Cesium
Cesium copied to clipboard
Architecture-dependent sizes in portable code
There's a problem: if we compile to AnyCPU
, then we cannot generally determine sizeof(void*)
, which has to be a constant expression, according to the standard. Same about, say, size_t
or ptrdiff_t
, and actually any architecture-dependent types, mostly derived from pointers.
There are two possible strategies of dealing with that.
-
We can forbid using
sizeof
with a pointer and any pointer-sized types in portable code.
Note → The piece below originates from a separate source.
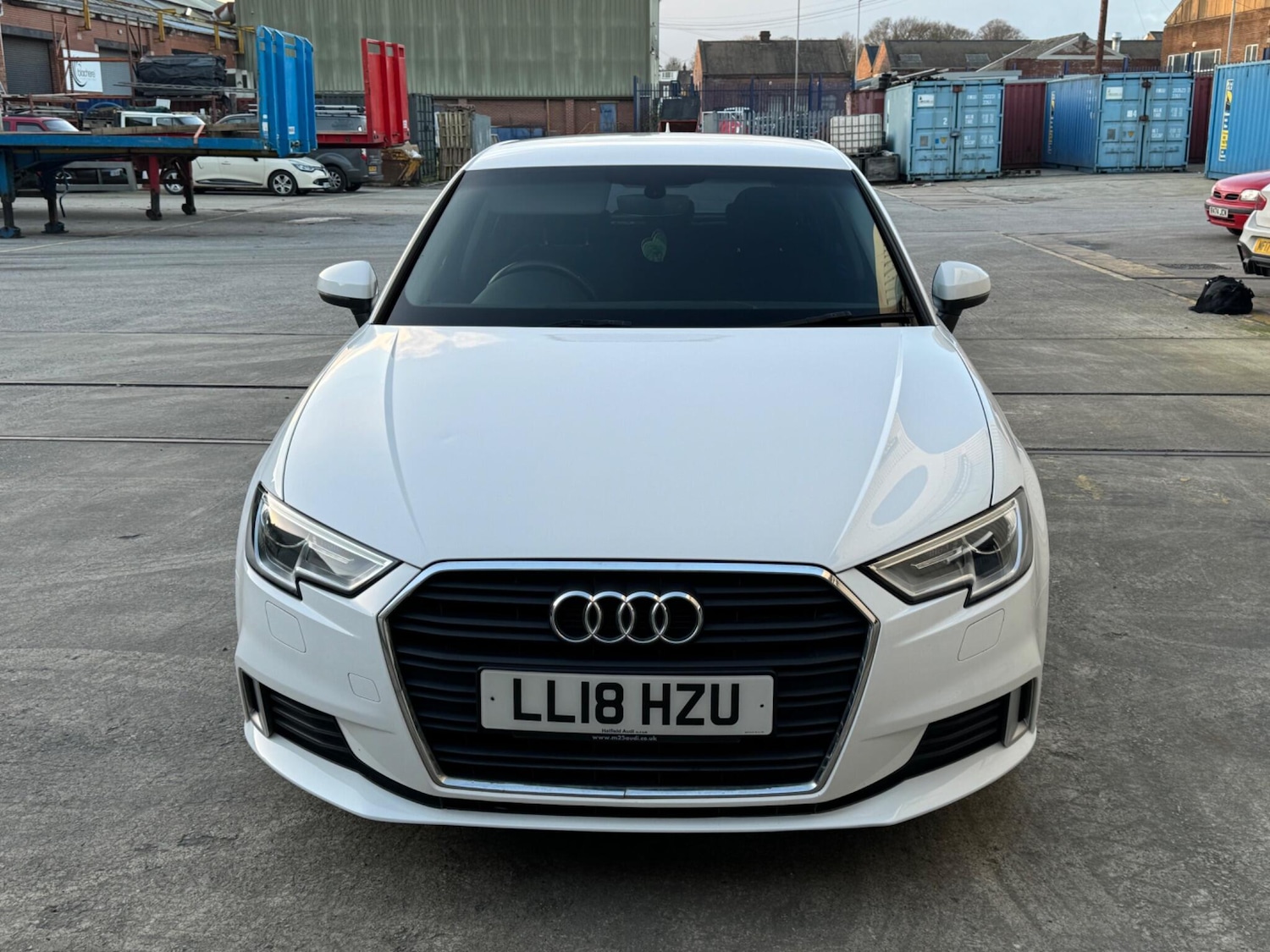 Used Audi A3 2018 for sale - 76899206: Photo 17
Our users will have to specify the architecture when compiling a binary that uses these features.It is possible that this will effectively prevent compiling to
AnyCPU
of the most of C code.Also, using of such C libraries from external code would be problematic sometimes (the library author will have to distribute versions built for each architecture, which kinda loses the point of Cesium).
-
We can introduce a special architecture-independent compilation mode which will use 8 bytes for any pointer or
size_t
, and generally will prefer bigger object sizes, but will still allow building toAnyCPU
.This may be problematic for cases when a C library exposes some .NET interface which operates on pointer types of
IntPtr
: it's unclear how to properly compile that (or if it is even possible).
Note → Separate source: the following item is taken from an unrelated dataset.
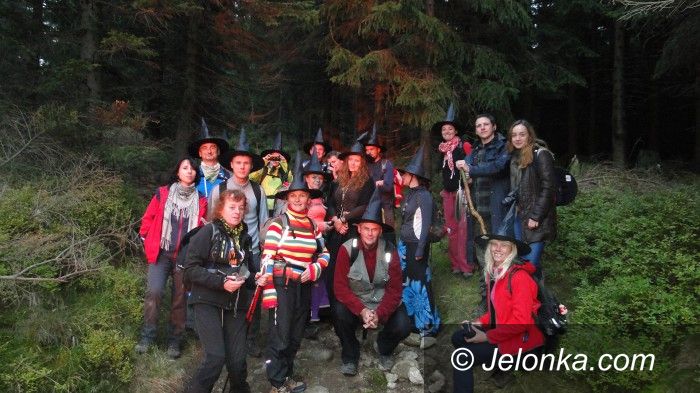 Region: Wędrówka Ścieżką Czarownic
For now, I am considering going both ways: add a flag to enable (or disable) architecture-independent compilation, and allow the user to specify the architecture that will be used to calculate sizeof
and whatnot.
Depends on:
- [ ] #353,
- [x] #354.
Basically what I propose is instead of int IType.SizeInBytes
have IExpression IType.GetSizeInBytes()
function or property. If paired with constant folding, we have same IL as today, and we can have dynamic IL for types like void*[10]
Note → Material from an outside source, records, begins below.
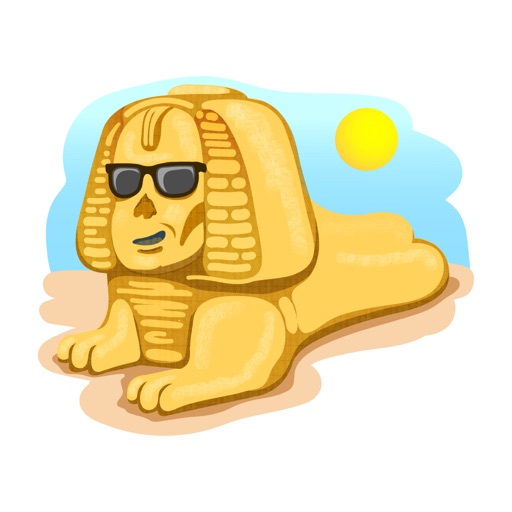 Sphinx Emoji icon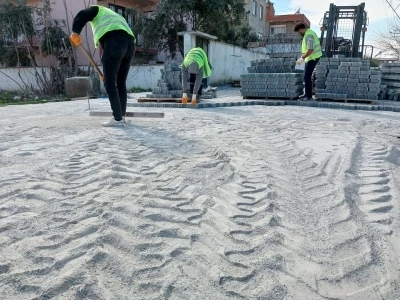 Germencik Belediyesi&rsquo;nden g&ouml;zaltı a&ccedil;ıklaması
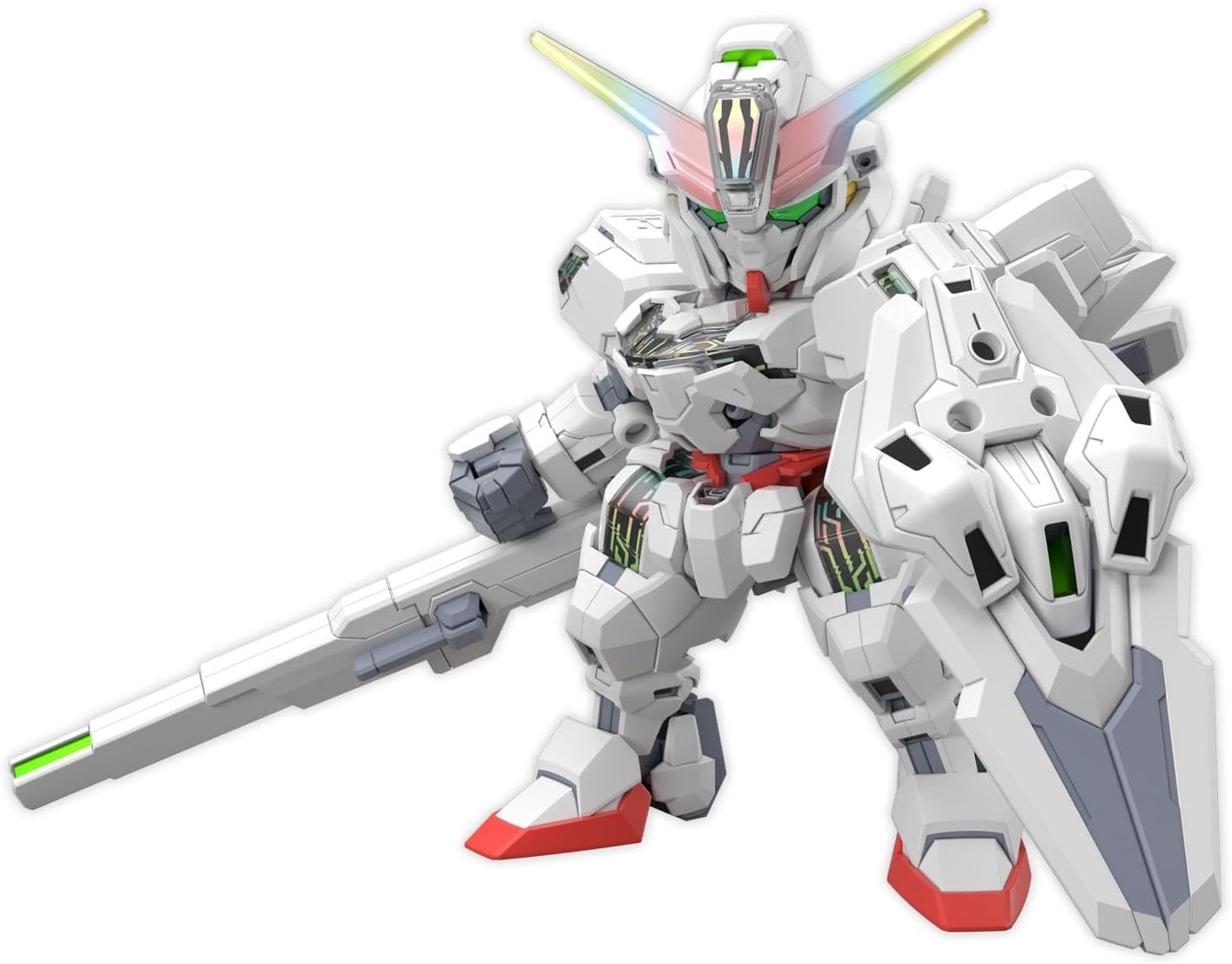 Gundam: The Witch From Mercury's Chuchu Gets Bandai Figure Release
Ok, after some thought, I've decided we'll try to support the following architecture sets in Cesium:
-
32b
: an architecture with 32-bit pointers, gets compiled as an x86 assembly (maybe with a flag to make it compatible with ARM32, though I'm not sure such a flag exists), -
64b
: an architecture with 64-bit pointers, gets compiled as an x64 assembly (with obligatory ARM64 support), -
wide
: an architecture forcing pointers to be 64-bit even on a 32-bit platform (we'll have a lot of fun with that I reckon), -
dynamic
: an architecture calculating pointer size dynamically at runtime.
Notes:
-
I am specifically calling
32b
and64b
architecture sets and not architectures, and explicitly not call themx86
andx64
to avoid confusion with the actual x86 and x86_64 architectures. We only impose restrictions on pointer size (and, likely, memory layout in the future, when we'll implementoffsetof
and whatnot), and not the instruction set.Though it's possible that we won't be able to make produced binaries compatible with both x86 and ARM32, or both x86_64 and ARM64. In such case, the idea will be to introduce four "real" architectures instead (x86, ARM32, x86_64, ARM64). The general scheme won't change in such case; internally in the the compiler code, we'll have a flag for architecture bitness and not actual output architecture.
-
Both
wide
anddynamic
should provide portable Any CPU-targeted binaries. -
Ideologically,
dynamic
will work as @kant2002 proposed.Yet for
dynamic
, I don't want to extend its magic scope too much for now. Certain things will be forbidden indynamic
, such as fixed arrays of size based on type sizes or offsets (i.e.struct foo { char x[sizeof(void*)]; };
). All these things should fail at compile-time.It is possible to make these types work by abusing runtime dispatch, but their interop story will be very confusing (while codegen will just become mildly messy). We may consider supporting them in the future, if demand arises.
-
I want to introduce all of these in one run right now, but only future will tell how fruitful are those ideas; maybe we'll drop some of the more exotic variants, or significantly limit the scope of what's allowed in
wide
anddynamic
.I really want at least one architecture to support 100% of C standard, but I'm ready to take compromises on all the others. This will still allow us to call Cesium C17-compilant compiler for that architecture, right?
Seems like wide
will require a separate version of the standard library.
We could either compile it using #if
magic, or have fun with Cecil and post-processing.